Born into slavery in 1815, Bethany Veney served a number of masters and had a family. She published her life story in 1889, which told of her life as a slave and also how she became free.


Childhood

Veney begins her narrative simply: "My mother and her five children were owned by one James Fletcher, Pass Run, town of Luray, Page County, Virginia. Of my father I know nothing." The first story she relates tells of how her mistress and her mother impressed on her to tell the truth.

Her mother and master both die when she is around nine. Veney and her family were split up, and she ended up with her mistress Miss Lucy and David Kibbler--a Dutchman with a violent temper. Miss Lucy hated slavery but didn't know what to do about how things were, except to be kind to Veney.


Religious Experiences

After some time with Miss Lucy and Kibbler, Veney visited a church. Master Kibbler's brother became a Christian and started a meeting for people in the area. Kibbler didn't want Veney attending church and sent her away to allow her new found religious fervor to die down. He sent to a man named Mr. Levers, but Levers allowed Veney to attend Church. In a telling passage she describes a scene in which Kibbler escorts her from the church.

Every night, old Mr. Levers would tell me I could go; and I did, till, in the middle of the meeting one night, Master Kibbler came up to me, and, taking me by the arm, carried me out, scolding and fuming, declaring that old Webster (the minister) was a liar, and that for himself he didn't want such a "whoopin' and hollerin' religion," and, if that was the way to heaven, he didn't "want to go there."

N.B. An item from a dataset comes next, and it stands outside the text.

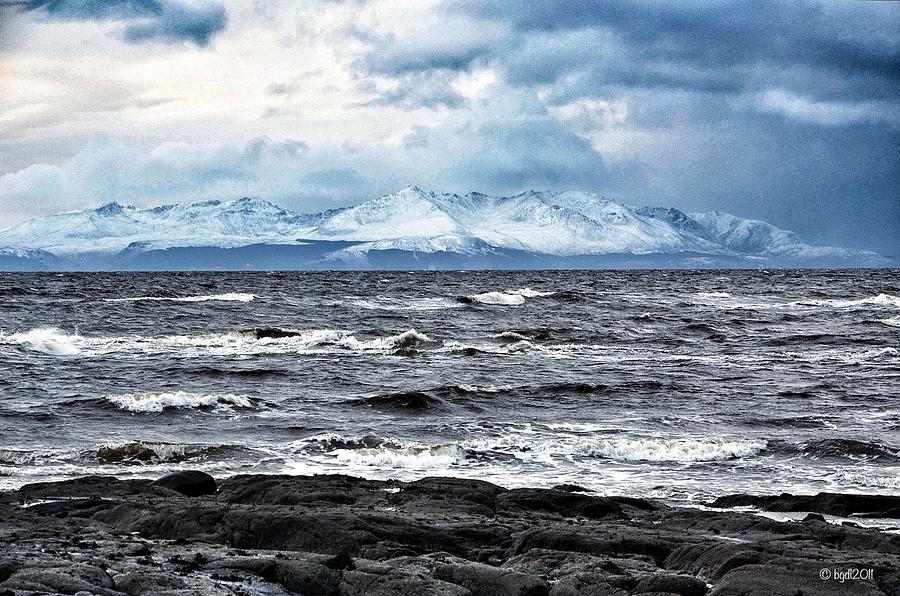 Sea And Mountain In Winter Photograph by Bgdl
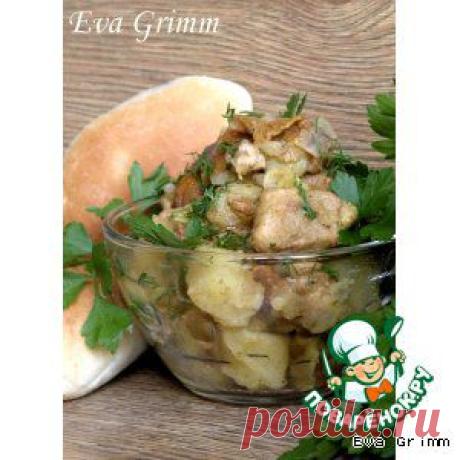 Жаркое с лисичками и желтой спаржевой фасолью "Ожерелье" - кулинарный рецепт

Veney eventually outlasted Kibbler, and he allowed her to go to church regularly where she was baptized.

Marriage and Family

The years passed, and Veney came to marry a man called Jerry. Their masters consented to their union and told them to simply be together. Veney, however, wanted to be married. Eventually they found someone to marry them, but Veney couldn't make traditional vows--like white people--because her circumstances could break up the marriage.

A few months into their marriage, Jerry was arrested. He escaped and ran away but couldn't evade capture. His escape, attempts to avoid detection and subsequent capture seemed to have broken Jerry. He was sent away and Veney and Jerry never saw each other again.


Motherhood

A Brief Summary

Full Text Version at Documenting the American South


Other Links of Interest: North American Slave Narratives Home Page

First-Person Narratives of the American South Home Page


Publishing info: The Narrative of Bethany Veney: A Slave Woman Worcester, Mass: [s.n.] ; (Boston : Press of Geo. H. Ellis), 1889. 46 p.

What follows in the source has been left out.